AIM OF THE TASK: Print the first line of the data below and every one after it, through the line containing "Samsung MZ7LH240HAHQ-00005 PM883", exactly as written.

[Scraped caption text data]
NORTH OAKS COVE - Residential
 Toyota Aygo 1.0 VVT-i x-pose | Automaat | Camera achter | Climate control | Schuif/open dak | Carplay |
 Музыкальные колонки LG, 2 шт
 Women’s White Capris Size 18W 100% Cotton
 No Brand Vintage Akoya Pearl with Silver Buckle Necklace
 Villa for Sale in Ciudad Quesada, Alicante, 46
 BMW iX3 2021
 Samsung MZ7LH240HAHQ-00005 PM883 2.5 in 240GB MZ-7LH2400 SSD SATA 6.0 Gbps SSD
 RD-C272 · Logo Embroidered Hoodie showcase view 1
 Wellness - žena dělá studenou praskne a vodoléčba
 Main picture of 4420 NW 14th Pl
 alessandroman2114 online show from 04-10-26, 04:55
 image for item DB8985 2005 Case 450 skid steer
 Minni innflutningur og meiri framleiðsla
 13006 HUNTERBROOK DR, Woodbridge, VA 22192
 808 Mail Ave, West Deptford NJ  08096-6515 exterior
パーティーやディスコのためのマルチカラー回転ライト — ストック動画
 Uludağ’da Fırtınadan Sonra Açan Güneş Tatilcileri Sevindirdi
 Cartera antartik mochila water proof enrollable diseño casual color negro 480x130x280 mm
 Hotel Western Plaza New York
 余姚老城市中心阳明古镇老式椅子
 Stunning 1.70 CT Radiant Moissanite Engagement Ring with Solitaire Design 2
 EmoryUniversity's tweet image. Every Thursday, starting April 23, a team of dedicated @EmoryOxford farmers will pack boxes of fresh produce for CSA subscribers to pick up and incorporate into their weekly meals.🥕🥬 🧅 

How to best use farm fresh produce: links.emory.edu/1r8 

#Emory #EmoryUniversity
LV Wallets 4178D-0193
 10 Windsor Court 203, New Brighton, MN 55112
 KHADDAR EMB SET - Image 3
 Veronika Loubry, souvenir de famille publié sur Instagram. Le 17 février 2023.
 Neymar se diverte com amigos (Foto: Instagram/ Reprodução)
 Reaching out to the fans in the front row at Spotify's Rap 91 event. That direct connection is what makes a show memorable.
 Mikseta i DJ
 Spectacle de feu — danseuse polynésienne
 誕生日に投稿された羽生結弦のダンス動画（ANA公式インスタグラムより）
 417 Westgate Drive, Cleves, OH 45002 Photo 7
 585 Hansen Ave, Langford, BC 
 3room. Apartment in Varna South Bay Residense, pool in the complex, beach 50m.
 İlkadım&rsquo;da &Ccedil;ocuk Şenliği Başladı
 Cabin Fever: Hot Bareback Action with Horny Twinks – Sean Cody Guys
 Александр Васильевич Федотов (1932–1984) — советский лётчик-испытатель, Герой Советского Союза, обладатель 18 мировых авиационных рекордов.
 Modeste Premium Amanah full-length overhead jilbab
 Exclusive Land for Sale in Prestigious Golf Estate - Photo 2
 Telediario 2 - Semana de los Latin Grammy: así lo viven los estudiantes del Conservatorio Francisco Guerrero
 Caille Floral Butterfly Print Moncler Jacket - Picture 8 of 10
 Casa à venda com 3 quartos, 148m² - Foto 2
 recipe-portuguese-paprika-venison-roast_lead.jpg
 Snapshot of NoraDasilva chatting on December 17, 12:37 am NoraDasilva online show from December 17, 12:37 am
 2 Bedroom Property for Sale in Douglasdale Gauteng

RESPONSE BOX:
NORTH OAKS COVE - Residential
 Toyota Aygo 1.0 VVT-i x-pose | Automaat | Camera achter | Climate control | Schuif/open dak | Carplay |
 Музыкальные колонки LG, 2 шт
 Women’s White Capris Size 18W 100% Cotton
 No Brand Vintage Akoya Pearl with Silver Buckle Necklace
 Villa for Sale in Ciudad Quesada, Alicante, 46
 BMW iX3 2021
 Samsung MZ7LH240HAHQ-00005 PM883 2.5 in 240GB MZ-7LH2400 SSD SATA 6.0 Gbps SSD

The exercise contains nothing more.